=== EXTRACTED ENTRIES ===

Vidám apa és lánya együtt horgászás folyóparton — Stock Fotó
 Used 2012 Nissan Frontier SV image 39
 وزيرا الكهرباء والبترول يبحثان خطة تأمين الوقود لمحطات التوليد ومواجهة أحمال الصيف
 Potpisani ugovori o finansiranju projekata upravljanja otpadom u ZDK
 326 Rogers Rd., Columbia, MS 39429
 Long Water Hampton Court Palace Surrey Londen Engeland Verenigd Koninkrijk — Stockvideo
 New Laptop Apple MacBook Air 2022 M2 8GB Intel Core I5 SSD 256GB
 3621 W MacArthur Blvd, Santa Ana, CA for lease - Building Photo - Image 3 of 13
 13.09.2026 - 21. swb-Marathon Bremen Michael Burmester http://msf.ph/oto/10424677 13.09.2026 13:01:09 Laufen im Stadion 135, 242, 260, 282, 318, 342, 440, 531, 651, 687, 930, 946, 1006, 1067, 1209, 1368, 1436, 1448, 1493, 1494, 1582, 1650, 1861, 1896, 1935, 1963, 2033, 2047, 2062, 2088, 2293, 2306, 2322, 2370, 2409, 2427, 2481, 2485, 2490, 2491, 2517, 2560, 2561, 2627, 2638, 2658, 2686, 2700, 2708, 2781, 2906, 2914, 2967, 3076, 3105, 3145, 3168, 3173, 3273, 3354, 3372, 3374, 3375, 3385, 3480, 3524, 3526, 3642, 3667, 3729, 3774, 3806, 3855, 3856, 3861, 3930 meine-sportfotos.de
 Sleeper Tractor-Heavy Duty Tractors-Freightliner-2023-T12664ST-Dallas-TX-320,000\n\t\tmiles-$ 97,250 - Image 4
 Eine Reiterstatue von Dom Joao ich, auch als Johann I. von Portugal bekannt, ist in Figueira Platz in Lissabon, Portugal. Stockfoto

===

**WORK REQUEST:**
The exact lines of the material above starting at the one that contains "Used 2012 Nissan Frontier SV image 39" and ending at the one that contains "New Laptop Apple" are what to retype; leave out everything else.

**EXERCISE ANSWER:**
 Used 2012 Nissan Frontier SV image 39
 وزيرا الكهرباء والبترول يبحثان خطة تأمين الوقود لمحطات التوليد ومواجهة أحمال الصيف
 Potpisani ugovori o finansiranju projekata upravljanja otpadom u ZDK
 326 Rogers Rd., Columbia, MS 39429
 Long Water Hampton Court Palace Surrey Londen Engeland Verenigd Koninkrijk — Stockvideo
 New Laptop Apple MacBook Air 2022 M2 8GB Intel Core I5 SSD 256GB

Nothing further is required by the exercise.